Handy hint: The greatest benefit is probably to deduct capital losses against:

1. capital gains for which neither the indexation method nor the discount method applies (that is, if you bought and sold your shares within 12 months)
2. capital gains calculated using the indexation method and then
3. capital gains to which the CGT discount can apply.

Note-When you cannot apply the CGT discount

Remember, you cannot apply the CGT discount to capital gains calculated using the indexation method. You also cannot apply the CGT discount to other capital gains for which the discount is not available-for example, CGT assets you bought and sold within 12 months.

#### Step 9 Applying the CGT discount

Where available, you can now apply the CGT discount to any remaining capital gains calculated using the discount method by reducing these capital gains by 50 per cent.

Example

As Fred had owned his shares for at least 12 months, he can reduce his \$800 gain by the CGT discount of 50 per cent to arrive at a net capital gain of \$400 (cents are not shown):

\$800 × 50% = \$400

End of example

#### Step 10 Work out your net capital gain-A item 17

At A you show the total of your remaining:

• capital gains calculated using the indexation method
• capital gains to which the CGT discount of 50 per cent has been applied and/ or
• capital gains calculated using the 'other' method.

Example

Fred shows his net capital gain of \$400 at A item 17 on his tax return.

End of example

#### Step 11 Work out your carry-forward losses-V item 17

If your capital losses were greater than your capital gains, you were directed to this step from step 8.

If you have capital losses remaining, you should show '0' (zero) at A on your tax return.

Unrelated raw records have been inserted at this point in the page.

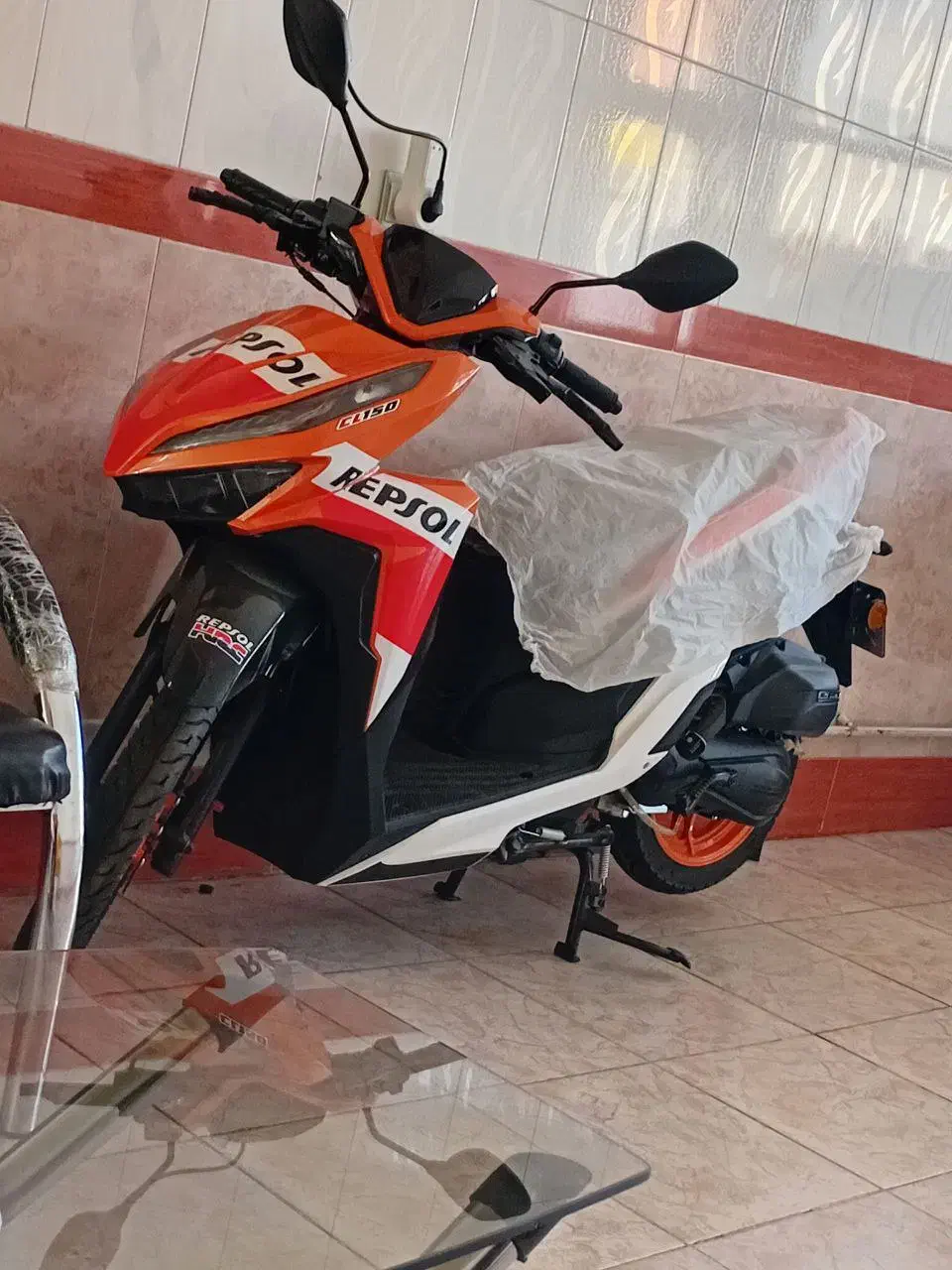 موتور کلییک ۱۴۰۱|موتورسیکلت|مرند, |دیوار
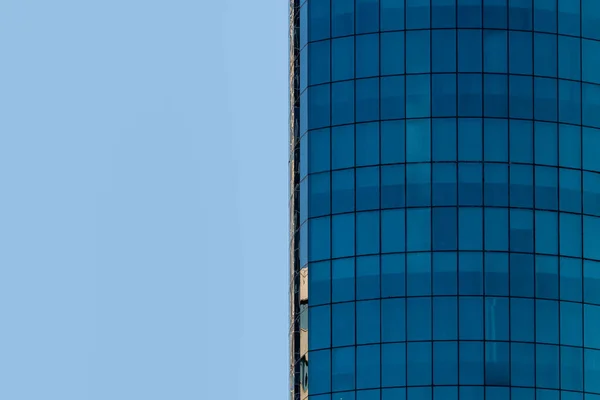 Många Fönster Och Väggar Fasad Modern Skyskrapa Utan Människor Arkitektonisk — Stockfoto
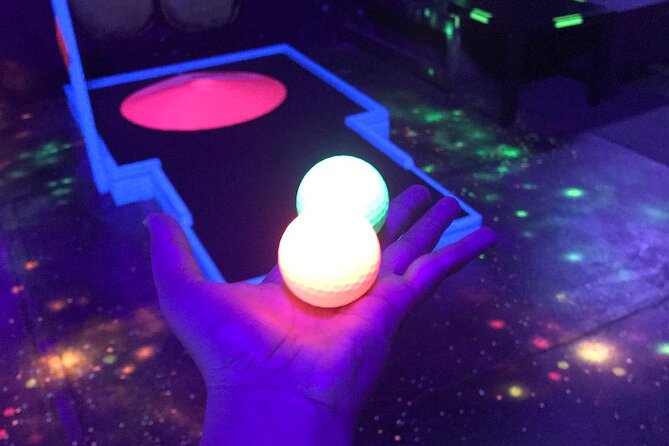 Prague Black Light Mini Golf Admission Ticket - What happens across the 18 holes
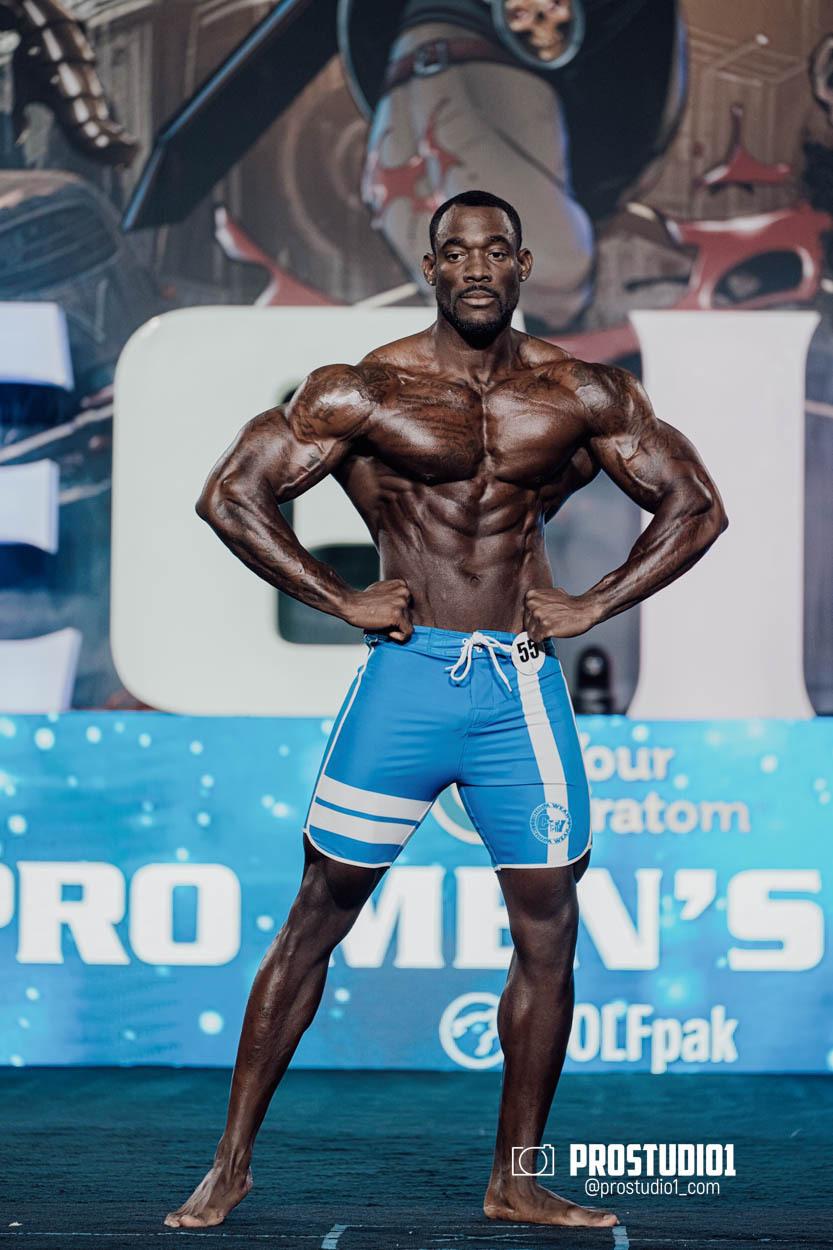 MEN’S PHYSIQUE. Photo & Video Production Studio #1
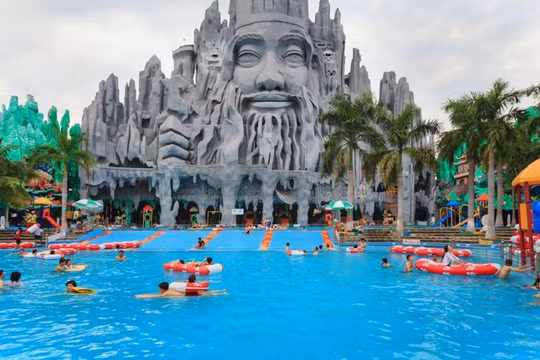 Việt Nam có nhiều địa điểm du lịch độc đáo với du khách (ảnh: Shutterstock)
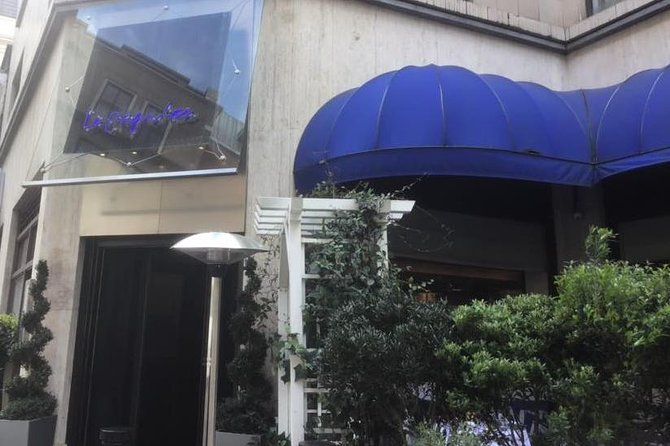 Princess Diana Private Walking Tour of London - Relaxing in Green Park and the Wellington Arch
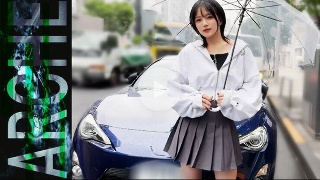 [素人]【86女子】都内私大工学,部機械科１8歳。大人っぽ...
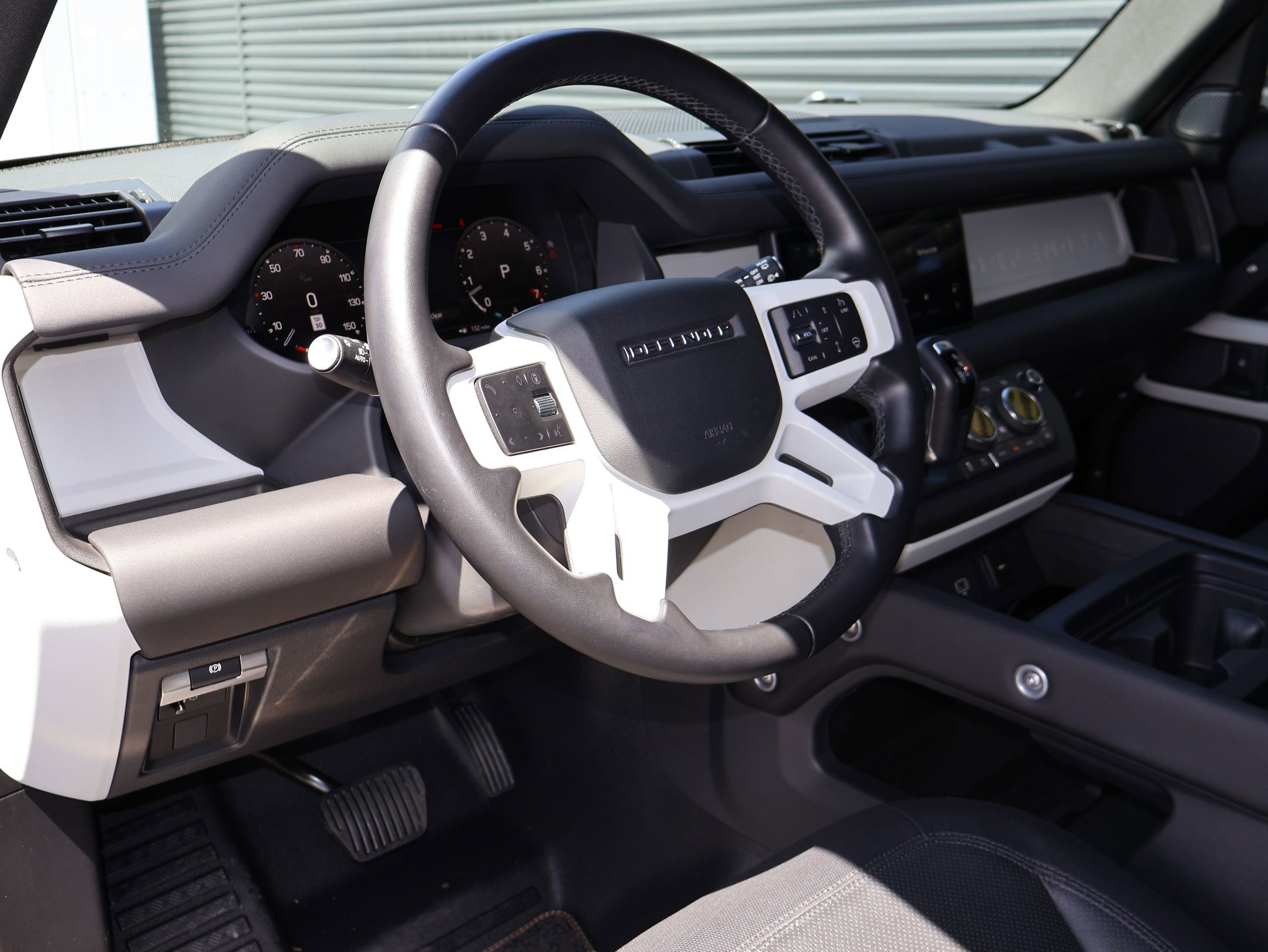 2024 Land Rover Defender 110 X-Dynamic SE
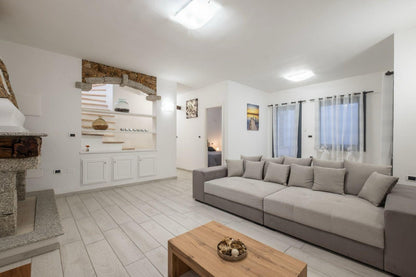 [ "VILLA EXCLUSIVE RESORT IS MOLAS" // PULA ]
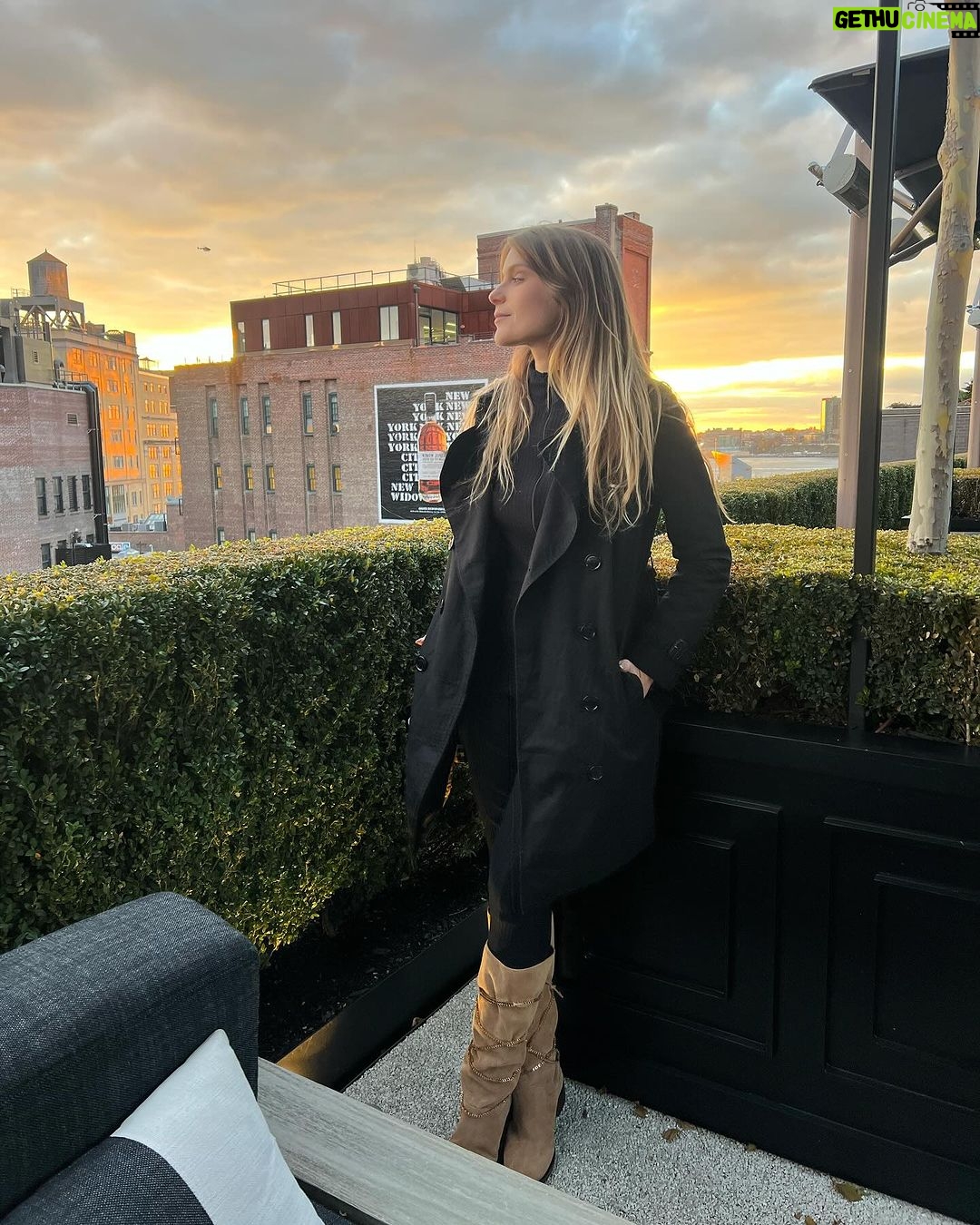 Isabella Santoni Instagram - Good times in ny 🍎 New York City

At V, show the amount by which all your capital losses are greater than your capital gains. You can now carry these capital losses forward to later income years until you have capital gains from which to deduct these capital losses.

Example

Continuing the example from step 5, with Fred's sale price of \$4,000 for his shares, he would show '0' (zero) at A and \$1,125 at V item 17 on his tax return.